La première est l’empathie directe, constituée elle-même de trois composantes qui apparaissent à trois moments du développement psycho-affectif [1].
La première est l’empathie affective, encore appelée empathie émotionnelle. C’est la capacité d’identifier les émotions d’autrui : elle assure les autres et entre soi la résonance sans laquelle la communication entre deux êtres serait impossible, et elle est facilement manipulable.
La seconde composante de l’empathie consiste dans la capacité de comprendre que l’autre a des expériences du monde différentes des miennes [2]. Il s’agit d’une compréhension intellectuelle dont les émotions sont absentes et elle est facilement mise à profit pour manipuler autrui.
Enfin, ces deux composantes se conjuguent dans la capacité de se mettre émotionnellement à la place de l’autre, et donc d’être affecté par la souffrance qu’on lui imagine. Il s’agit d’un processus qui combine la participation émotionnelle et la prise de recul cognitif. Le psychologue du développement Martin Hoffman l’appelle « l’empathie mature » [3], et le chercheur en neuro sciences Jean Decety « changement de perspective émotionnelle ». Elle apparaîtrait aux environs de huit ans. Ce processus s’installe d’autant mieux qu’il est encouragé et valorisé dans l’enfance, puis tout au long de la vie [4]. Il est également la condition de la plasticité psychique.
Mais à ces trois composantes de l’empathie pour autrui, il convient d’ajouter l’empathie pour soi. C’est la capacité d’accueillir et d’accepter en soi tout ce qui nous habite, à la fois sur le versant émotionnel et sur le versant cognitif, en lien avec une situation, une action ou un état intentionnel [5]. Elle est souvent oubliée quand on parle d’empathie, mais elle constitue pourtant l’un des éléments déterminants de celle que l’on peut éprouver pour autrui. Elle fait intervenir exactement les trois mêmes capacités que l’empathie pour autrui, mais orientées vers soi-même. C’est elle qui permet à chacun d’identifier ses propres émotions, de comprendre et d’accepter ses pensées, y compris celles qui ne nous font pas plaisir, et d’occuper successivement les divers points de vue que chacun a sur ce qui l’entoure, car notre monde intérieur est loin d’être homogène !

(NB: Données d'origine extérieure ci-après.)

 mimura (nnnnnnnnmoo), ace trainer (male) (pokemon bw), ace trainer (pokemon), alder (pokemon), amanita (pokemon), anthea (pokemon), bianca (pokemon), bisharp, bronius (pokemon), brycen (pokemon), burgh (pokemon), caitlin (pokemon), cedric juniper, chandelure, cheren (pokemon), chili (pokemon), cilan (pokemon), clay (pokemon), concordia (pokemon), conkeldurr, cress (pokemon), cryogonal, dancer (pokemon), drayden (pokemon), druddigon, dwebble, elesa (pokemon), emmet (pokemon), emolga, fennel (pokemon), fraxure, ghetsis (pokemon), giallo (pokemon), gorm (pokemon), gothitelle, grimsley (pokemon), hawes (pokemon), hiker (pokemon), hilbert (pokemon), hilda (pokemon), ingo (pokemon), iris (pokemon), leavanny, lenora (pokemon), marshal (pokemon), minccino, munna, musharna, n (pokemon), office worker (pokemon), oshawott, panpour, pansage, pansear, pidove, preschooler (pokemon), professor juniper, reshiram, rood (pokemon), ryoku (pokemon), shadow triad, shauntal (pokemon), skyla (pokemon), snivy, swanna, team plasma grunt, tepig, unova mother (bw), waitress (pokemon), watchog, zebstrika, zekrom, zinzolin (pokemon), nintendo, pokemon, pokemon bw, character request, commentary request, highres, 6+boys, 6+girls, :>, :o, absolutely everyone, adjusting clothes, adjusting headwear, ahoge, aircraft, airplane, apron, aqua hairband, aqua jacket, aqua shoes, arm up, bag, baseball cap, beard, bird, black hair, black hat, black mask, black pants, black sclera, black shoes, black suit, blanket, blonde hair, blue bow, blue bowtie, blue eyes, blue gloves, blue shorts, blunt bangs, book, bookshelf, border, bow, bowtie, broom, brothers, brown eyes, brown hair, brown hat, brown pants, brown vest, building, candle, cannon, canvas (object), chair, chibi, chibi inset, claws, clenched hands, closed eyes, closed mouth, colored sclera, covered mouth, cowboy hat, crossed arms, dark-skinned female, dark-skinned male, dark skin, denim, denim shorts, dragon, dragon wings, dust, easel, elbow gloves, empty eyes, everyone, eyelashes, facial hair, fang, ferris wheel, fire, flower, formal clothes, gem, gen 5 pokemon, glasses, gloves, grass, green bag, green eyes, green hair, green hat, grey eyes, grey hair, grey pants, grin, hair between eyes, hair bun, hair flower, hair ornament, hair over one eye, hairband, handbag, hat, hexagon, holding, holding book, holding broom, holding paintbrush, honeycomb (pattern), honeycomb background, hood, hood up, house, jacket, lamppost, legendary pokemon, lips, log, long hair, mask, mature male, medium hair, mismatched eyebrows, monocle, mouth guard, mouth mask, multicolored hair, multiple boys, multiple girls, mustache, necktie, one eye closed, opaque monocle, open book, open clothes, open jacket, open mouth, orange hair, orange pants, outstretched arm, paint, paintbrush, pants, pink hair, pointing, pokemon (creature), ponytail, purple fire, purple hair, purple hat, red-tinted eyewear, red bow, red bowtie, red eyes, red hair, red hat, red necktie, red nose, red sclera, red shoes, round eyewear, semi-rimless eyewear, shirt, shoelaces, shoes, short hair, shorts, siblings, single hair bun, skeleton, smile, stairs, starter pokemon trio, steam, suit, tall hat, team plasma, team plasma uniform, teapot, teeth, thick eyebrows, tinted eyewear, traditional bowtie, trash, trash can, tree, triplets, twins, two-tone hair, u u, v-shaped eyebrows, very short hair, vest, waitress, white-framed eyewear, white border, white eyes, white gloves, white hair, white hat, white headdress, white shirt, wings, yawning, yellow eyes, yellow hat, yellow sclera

Elle participe à la construction de l’estime de soi et de la mémoire en nous permettant d’habiter notre propre subjectivité, y compris dans ses aspects les plus problématiques à nos propres yeux. Ceux-ci concernent notamment les expériences infantiles toujours vivantes qui nous habitent, mais également d’autres aspects indésirables de notre personnalité.
L’empathie envers soi-même suppose de reconnaître ses faiblesses et ses imperfections, de les accepter comme une part de soi au même titre que les qualités dont nous sommes fiers, et d’apprendre à vivre avec. À l’inverse, moins nous reconnaissons les parts sombres de nous-mêmes et plus nous courons le risque de les projeter hors de nous, sur les humains qui nous entourent. Et nous aurons évidemment encore plus tendance à les projeter sur les humains que nous jugeons étranges ou inquiétants. Avec le risque de les voir plus étranges et inquiétants encore, sans nous rendre compte qu’une bonne partie de cette étrangeté est liée à la façon dont nous leur faisons endosser les aspects indésirables de notre propre personne.

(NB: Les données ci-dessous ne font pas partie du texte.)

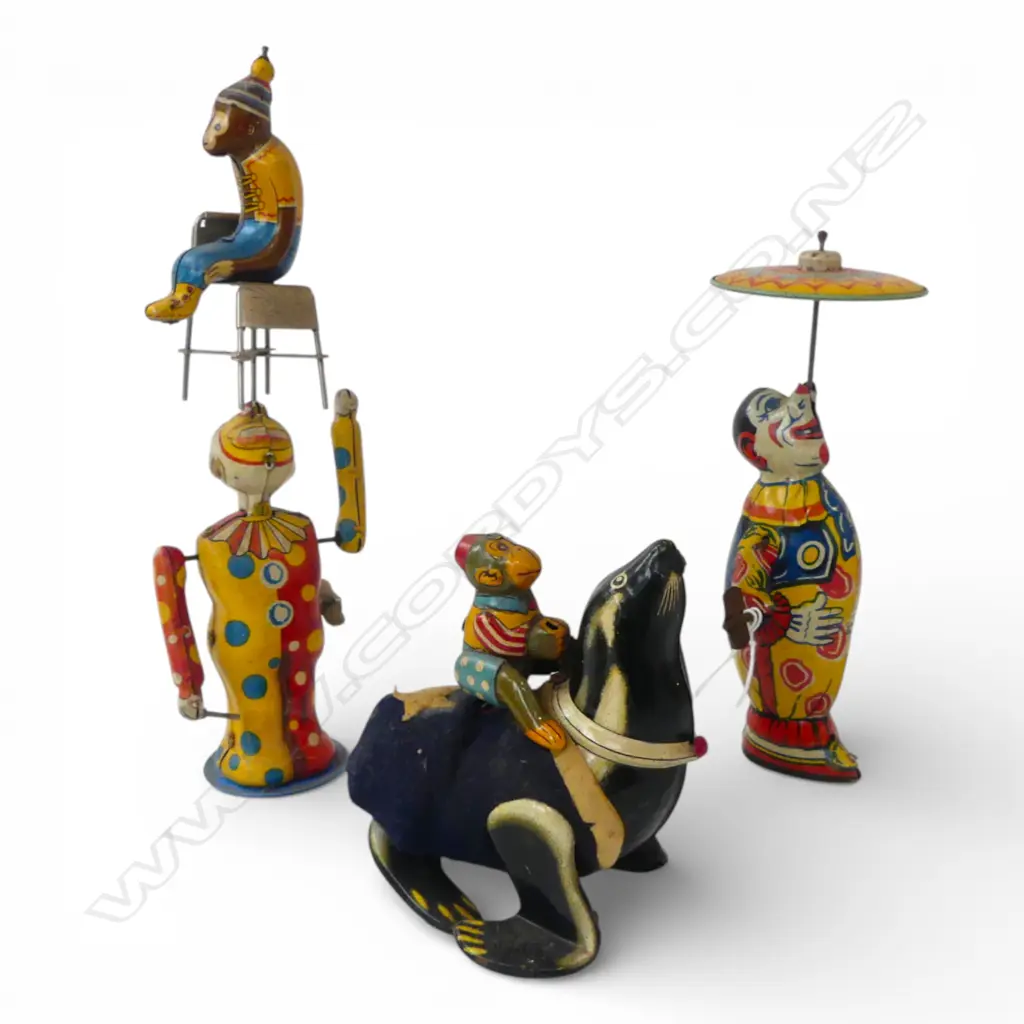 3 VINTAGE WIND UP TIN TOYS; 2 CLOWNS H.240mm + MONKEY ON SEAL Image 1++
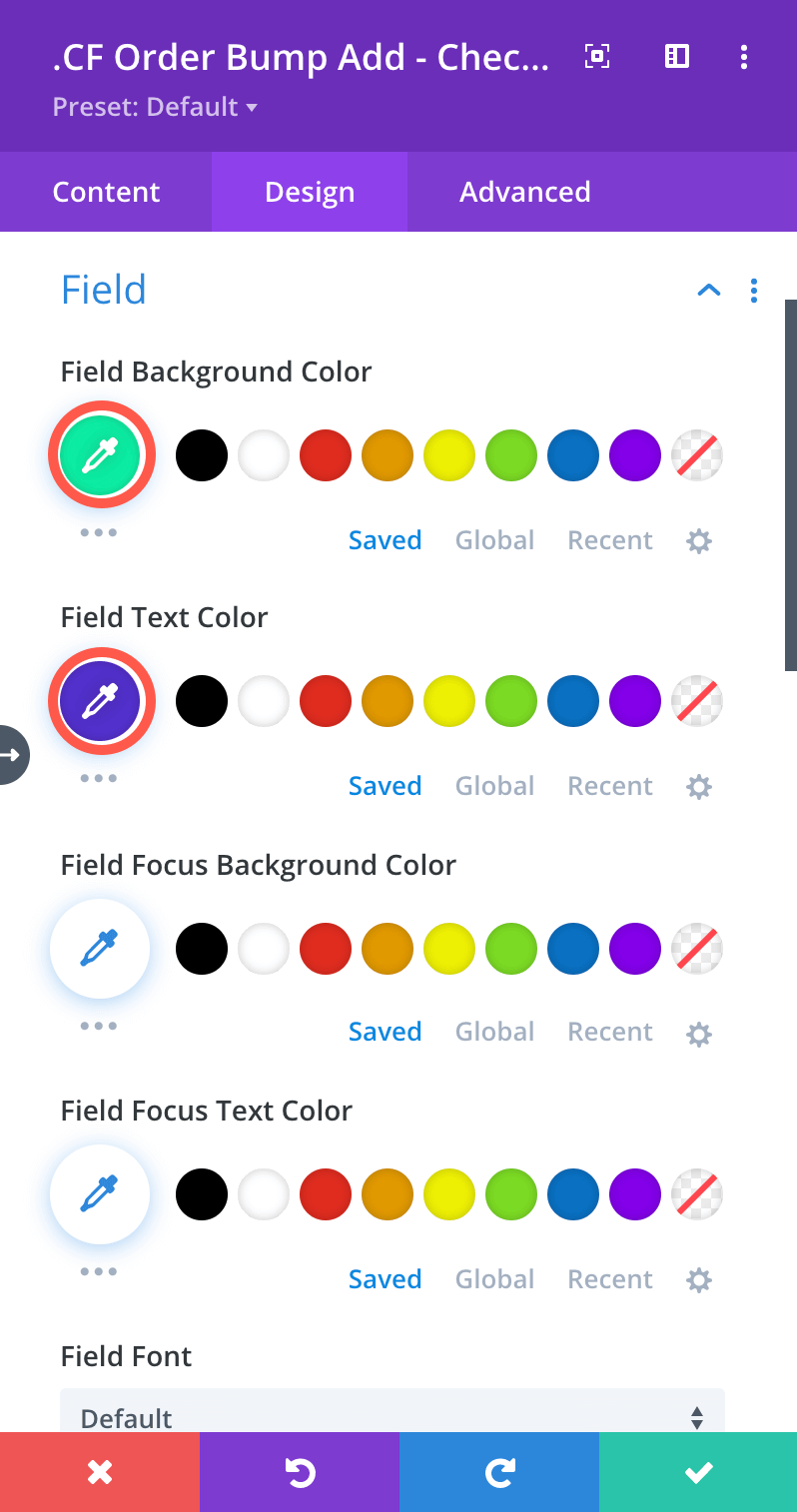 Order Bump Loop Layout Thumbnail Settings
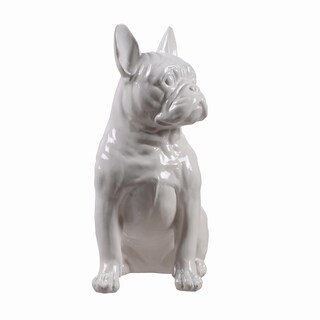 Foto 2 | Foto 2 | Figura Hi-line Gift Ltd. Bulldog Francés 25 Cm Color Blanco - Venta Internacional.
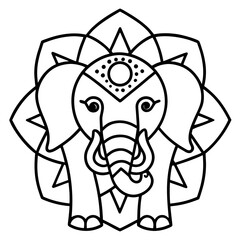 Elegant Elephant Mandala Line Art Vector Design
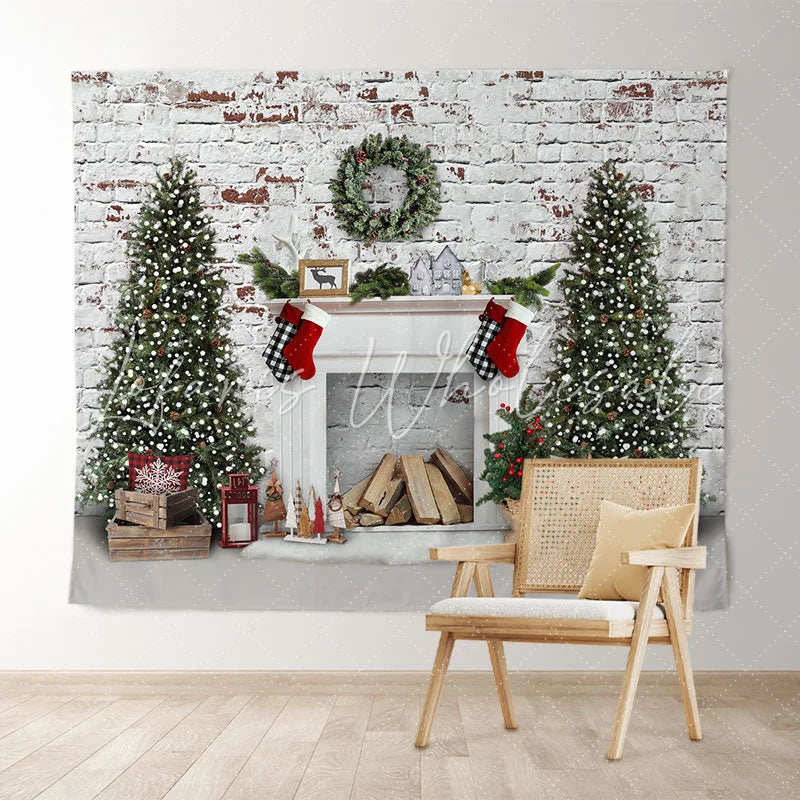Lofaris White Bricks And Fireplace Christmas Tree Backdrop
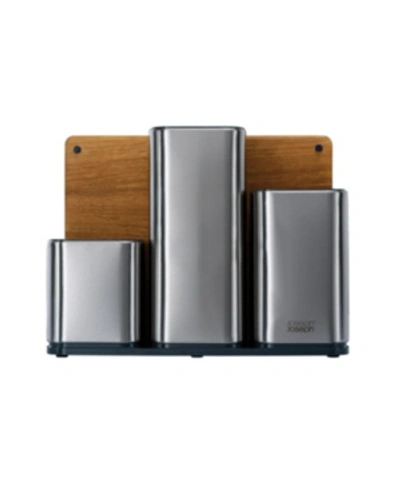 Joseph Joseph Counterstore Stainless Steel Organizer With Oak Chopping Board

Mais comment s’aimer soi-même, et accepter chacun cette étrangeté qui nous habite ? La meilleure façon de développer l’empathie chez un jeune enfant est d’en témoigner pour lui. Un enfant qui grandit dans un milieu familial dans lequel il bénéficie de peu d’attention et de compréhension aura de la difficulté à construire une empathie pour soi satisfaisante. Celle-ci se construit parallèlement à l’empathie pour autrui dans une réciprocité où l’enfant qui bénéficie d’empathie, c’est-à-dire d’intérêt et d’affection pour sa personne, intériorise la capacité d’éprouver pour soi-même ces mêmes sentiments.

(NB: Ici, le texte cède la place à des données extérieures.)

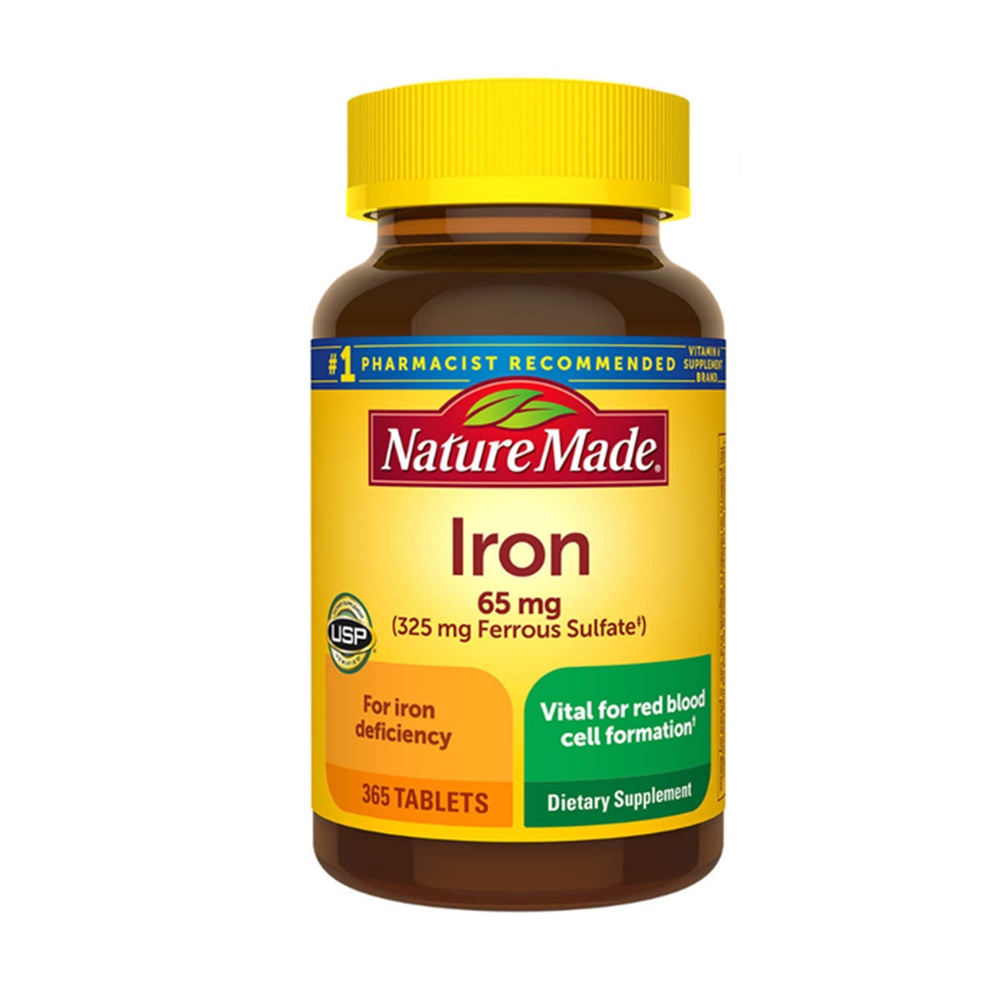 Viên uống bổ sung sắt Nature Made Iron 65mg 365 viên của Mỹ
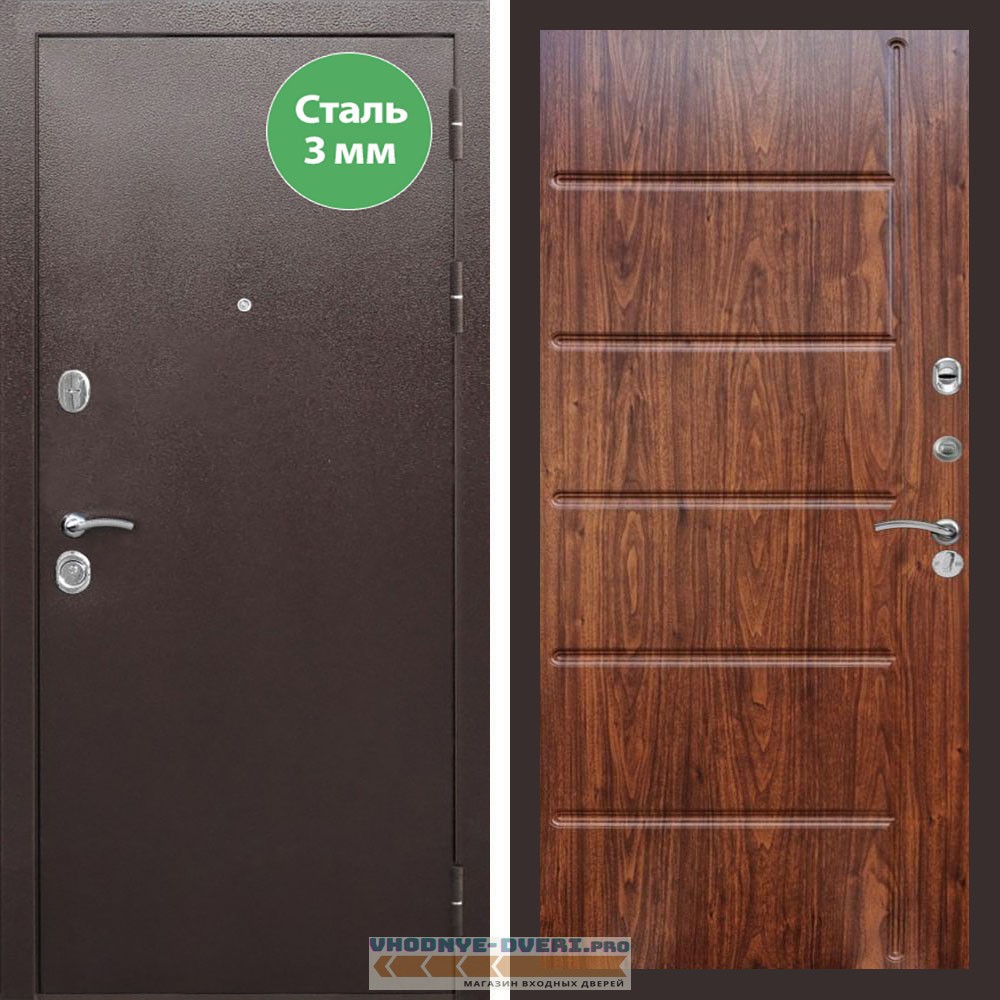 Входная дверь REX (Рекс) 5 металл 3мм медный антик ФЛ-102 Мореная береза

Enfin, ces deux formes premières d’empathie (pour autrui et pour soi) s’associent au sens de la réciprocité pour constituer le sens moral.
Elle a trois facettes : reconnaître à autrui la possibilité de s’estimer comme je m’estime : c’est la composante du narcissisme ; lui reconnaître la possibilité d’aimer et d’être aimé : c’est la composante des relations d’objet ; lui reconnaître la qualité de sujet du droit, autrement dit les mêmes droits qu’à moi-même [6].
L’introduction de la réciprocité dans l’empathie constitue l’étape indispensable sur le chemin de construire le sens de la justice. Grâce à elle, notre empathie ne se limite plus à ceux qui nous sont proches, comme notre famille et nos amis. Elle s’élargit à l’ensemble de l’humanité. C’est cette dimension qui nous permet par exemple de souffrir des souffrances que nous imaginons à des migrants que nous ne connaissons pas, et de nous mobiliser en leur faveur.